The inquiry did not reveal the extent of tenant holdings nor the rise of a dynasty of Strattons who, starting in the Vale of Pewsey, had made fortunes from early exploitation of the London milk market and were now spreading south to take on the prairies of the downland. Nor does it reveal the extent to which some estates, such as that of the Ailesburys, were burdened with debt and impoverished by their own extravagance.
By accidents rather than design, Wiltshire’s representation in the parliament from feudal times down to the great Reform Act of 1832 was overweighted and eccentric. It started, as in other English counties, with two ‘knights of the shire’, who were elected by freeholders of the whole county, and two M.P.s for each borough. As there were 16 ancient boroughs in the county, it was represented by 34 members in all. Thus in the Reformation Parliament, which made Henry VIII undisputedly head of the English Church, Wiltshire had nearly twice as many M.P.s as its nearest rival and more than twice as many as Cornwall, Devon or Surrey. The neighbouring county of Gloucester had only four. The order was changed when kings created new boroughs, usually at a price for the benefit of the royal treasury. By 1563 Cornwall had taken first place from this cause alone, and in 1689, when Wiltshire still had 34 seats, Cornwall had 42, Yorkshire 28, Devon 26 and Hampshire twenty-four.

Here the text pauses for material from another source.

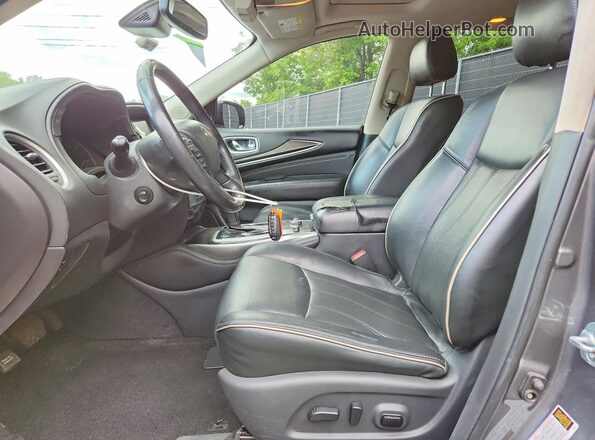 5N1DL0MM6KC522893 2019 INFINITI QX60 Серый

None of this bore much relation to the size of county populations and the imbalance continued with little change right up to 1832. But Wiltshire was not only over-represented; the representation was also badly distributed. The borough of Old Salisbury (now called Old Sarum) had virtually ceased to exist and tiny boroughs like Bedwyn, Heytesbury and Hindon had little claim to separate representation when flourishing towns like Bradford, Trowbridge and Warminster lacked it. Overrepresentation got worse as the population of other areas of England grew. In 1801 Wiltshire’s 34 Members represented a population of 184,000; Lancashire’s 13 represented 673,000, i.e. one for 48 thousand people, while Middlesex had two for about half a million.

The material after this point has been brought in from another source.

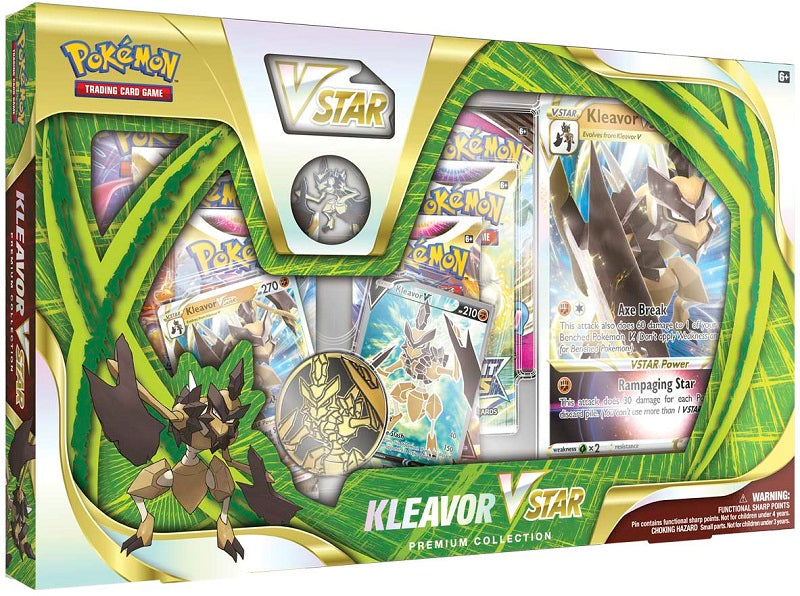 Pokemon  Kleavor VStar Premium Collection | Game Master's Emporium (The New GME)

Perhaps worse, the representation of the boroughs became itself unrepresentative of them. Boroughs were expected to maintain their own M.P.s, and the small boroughs found it a considerable hardship. Thus within a short time most, and the city of Salisbury was generally an exception, were content to elect a gentleman who had little connection with the borough but was prepared to sit at his own expense and, with luck, might also pay his electors for the privilege. It was for this reason that various noble and important families were able to dominate the parliamentary representation of many boroughs for decades. Old Sarum continued to return two members from its empty borough, and the village borough of Heytesbury, which only included about half the settlement, was noteworthy for having no contested election for over 130 years: from 1689 down to its abolition in 1832.
County representation followed the same patterns. From the Reformation to the time of Charles I county representation was dominated by Seymours, Herberts, Hungerfords and Bayntons, then from Charles II to George II by the How and Hyde families, and from 1722 to 1812 by Goddards and Longs. There was more diffusion of power in the 18th century, however, when newer names such as Astley of Everleigh (but formerly of Staffordshire), Benett of Pythouse and Methuen of Corsham came to command borough representation.

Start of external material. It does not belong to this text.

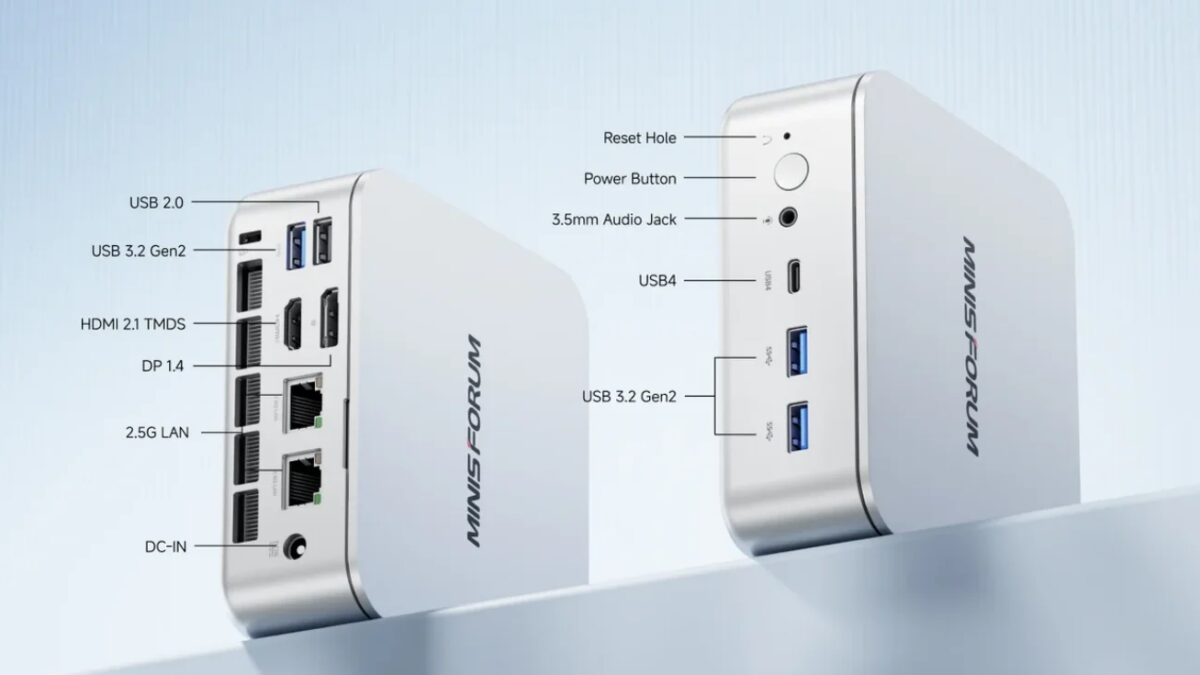 Минидом M2 2 порта USB 4 и HDMI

By the 1832 act seven of the Wiltshire boroughs lost their seats altogether, while the overall representation of the county was reduced to eighteen. The abolition of what Cobbett called ‘these vile rotten holes’ was so long overdue that it was not unwelcome even to John Benett of Pythouse, who was one of the most reactionary and hated men in the county because of his savage attitude to the poor. Wiltshire’s representation was reduced by later acts to 15 seats in 1867, to six in 1885 and five in 1918.
Monuments to this era of change are everywhere in the county though many are not appreciated as much as they deserve, perhaps because they are so numerous. The greatest are those of the railways which produced the most widespread and dramatic change in the history of the county. Particularly notable is the London-Bristol railway, whose line through Wiltshire includes the heaviest engineering works on its route: deep cuttings and the tunnel at Box, which was the longest in the country when it was made. Associated with the railway is the ‘railway village’ at Swindon of 243 houses designed by Matthew Digby Wyatt.
Another industrial housing estate of note is Prospect Square at Westbury. It was built in 1870 by Abraham Laverton, the Liberal cloth-manufacturer, to rehouse his work-people who had been evicted by his successful Tory rival after an election. Most other 19th-century housing is undistinguished, but a few country houses are worth mention: John Benett’s new Pythouse, of 1805, and its imitation at Philipps House, Dinton, of 1816, which are both in a ‘Grecian’ style, and Tottenham House, rebuilt by Cundy in 1825 for the Ailesburys. Finally at the end of the century there is Philip Webb’s ‘Clouds’, built for one of the Wyndhams at East Knoyle but now sadly mutilated.
There was considerable building and alteration of churches. Between 1837 and 1887, 45 completely new churches were built. These included Wyatt and Brandon’s grand, Italianate, new church for the Herberts at Wilton, and Pearson’s churches at Sutton Veny and Chute Forest. In addition 32 others were enlarged in the same period and 98 restored, most by the advisory architect to the diocese, T. H. Wyatt.
Other monuments are the town halls, symbols of rising civic pride, at Devizes, Melksharn, Westbury and Warminster, nearly all of the early 19th century; the larger mills, particularly Laverton’s Angel Mill at Westbury, Greenland Upper Mill at Bradford and the mill at Quemerford; and last but not least the bank premises in almost every town in the county. These latter represent the rising wealth of the country as a whole, of which Wiltshire did not receive a proportionate share.